Una linea di pensiero che qualcuno ha posto nel solco di quell’asse europeo cosiddetto «terzoforzista», cioè di quell’ipotesi esplorata alcuni anni prima da paesi di rango immediatamente inferiore a quello delle due superpotenze.
Un asse europeo guidato dalla Francia di Mitterrand che avrebbe intaccato, erodendoli, gli equilibri di Yalta.
Una potenziale aggregazione di orientamento tendenzialmente socialista in grado di confrontarsi su diversi piani sia col capitalismo che col comunismo sovietico che, in diversa misura, avrebbe visto la cooperazione della Svezia di Olof Palme, di altri Paesi scandinavi, della Repubblica federale tedesca e dell’Austria (allora entrambe guidate da governi socialdemocratici), forse da un Israele laburista e da Paesi non allineati come la Jugoslavia di Tito.

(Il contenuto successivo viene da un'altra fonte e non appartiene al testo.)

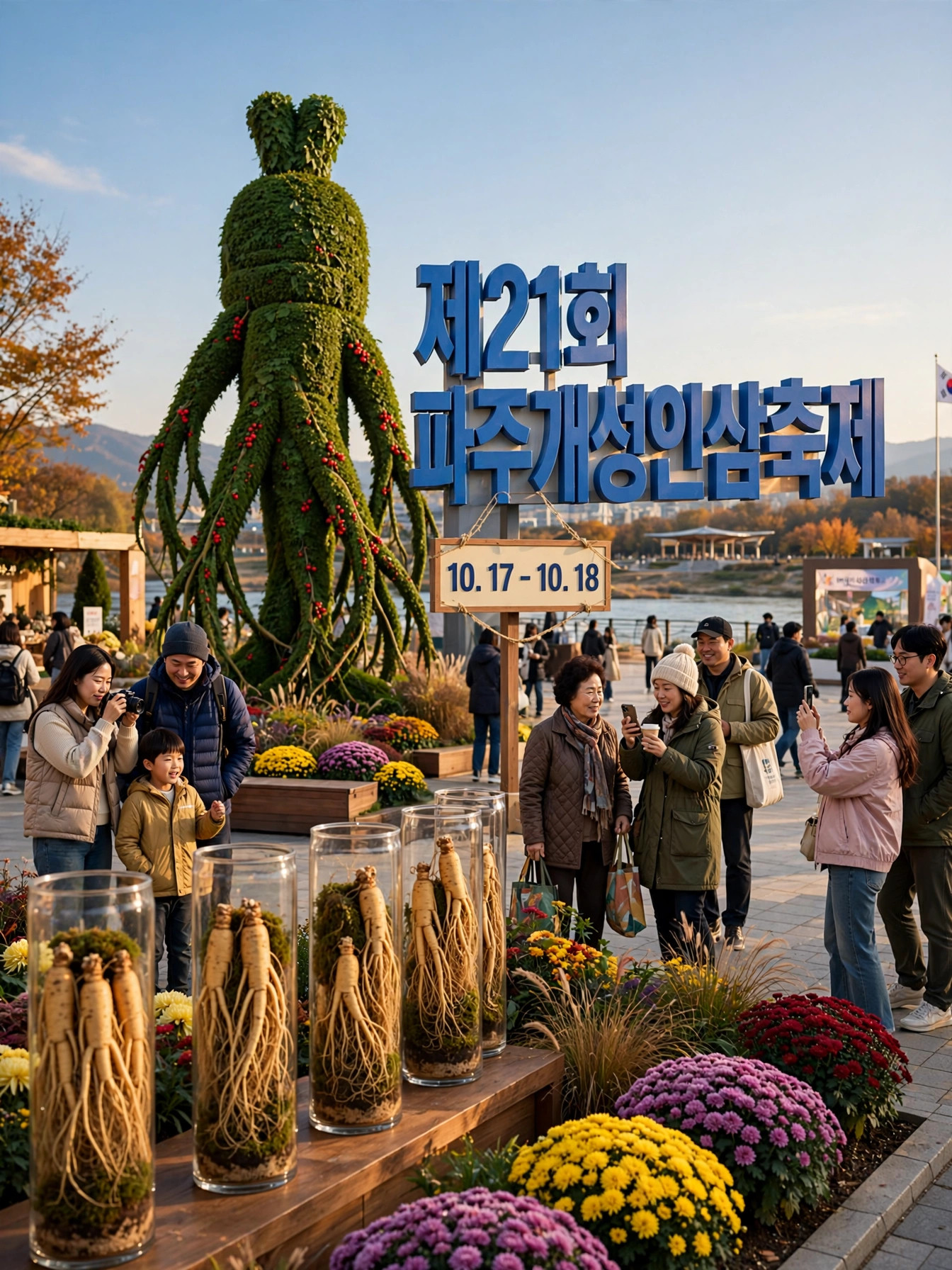 제21회 파주개성인삼축제 포토존과 인삼 조형물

Oggi si conosce l’epilogo della storia: la battaglia per il mantenimento del primato ha visto i poteri finanziari sconfiggere la politica. Col risultato che oggi in tutto il mondo si assiste a una devastazione dei sistemi democratici, all’allargamento del bacino della povertà e alla contestuale concentrazione della ricchezza globale nelle mani di una ridotta parte dell’umanità.
A186 – TERRORISMO, SEQUESTRO DELL’ACHILLE LAURO: 34 anni fa il dirottamento della nave da crociera, l’assassinio di Klinghoffer e lo scontro tra Italia e Usa a Sigonella. A insidertrend.it STEFANIA CRAXI parla di quando suo padre, allora Presidente del Consiglio dei ministri, si oppose all’amministrazione americana guidata da Ronald Reagan. Le dinamiche e i protagonisti; l’oscuro cotè che agì per condizionare gli eventi, a cominciare da Michael Ledeen, l’amerikano consigliere dei servizi segreti statunitensi in rapporti col gran maestro della P2 Licio Gelli e noto per avere affiancato il ministro dell’Interno Francesco Cossiga nel corso dei cinquantacinque giorni del sequestro di Aldo Moro.

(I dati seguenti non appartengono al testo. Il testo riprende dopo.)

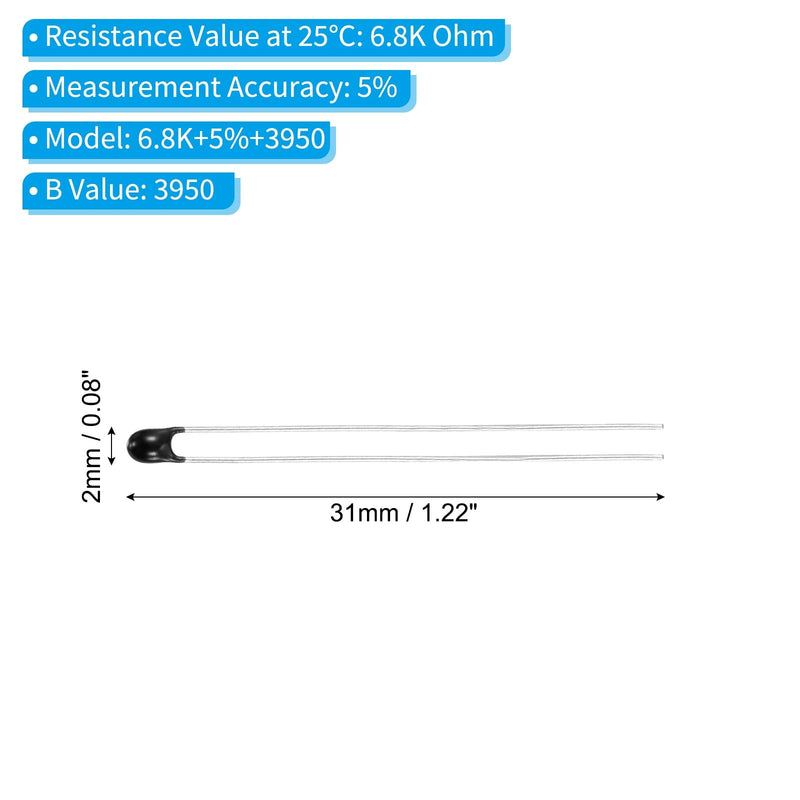 PATIKIL NTC Thermistor Resistors 60 Pieces 6.8K Ohm 3950 5% Accuracy High Sensitive Current Limiter Temperature Sensor for Temperature Measurement Black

Nell’intervista vengono inoltre affrontati i controversi aspetti della fine della Prima Repubblica, inclusa la vicenda personale occorsa al segretario del Partito socialista italiano Craxi.
In quella manciata di anni un Paese sovrano in precedenza avviato verso una relativa autonomia in politica estera, con un proprio progetto di pace nel Mediterraneo e nei Balcani, vide buona parte della propria classe politica scomparire dalla scena falcidiata dalle inchieste giudiziarie.
Quindi la svendita delle imprese di stato, nel solco dei miti delle liberalizzazioni e della concorrenza, anche aziende solide, tuttavia, cedute ai privati spesso a “prezzi di saldo”. Crollato il Muro di Berlino, un Italia in transizione attraversava la fase del turbocapitalismo finanziario, nel quadro di una globalizzazione fino a quel momento anestetizzata dal confronto col blocco comunista. Una globalizzazione alla quale, a torto, la propaganda delle lobby attribuì poteri salvifici per l’intera umanità.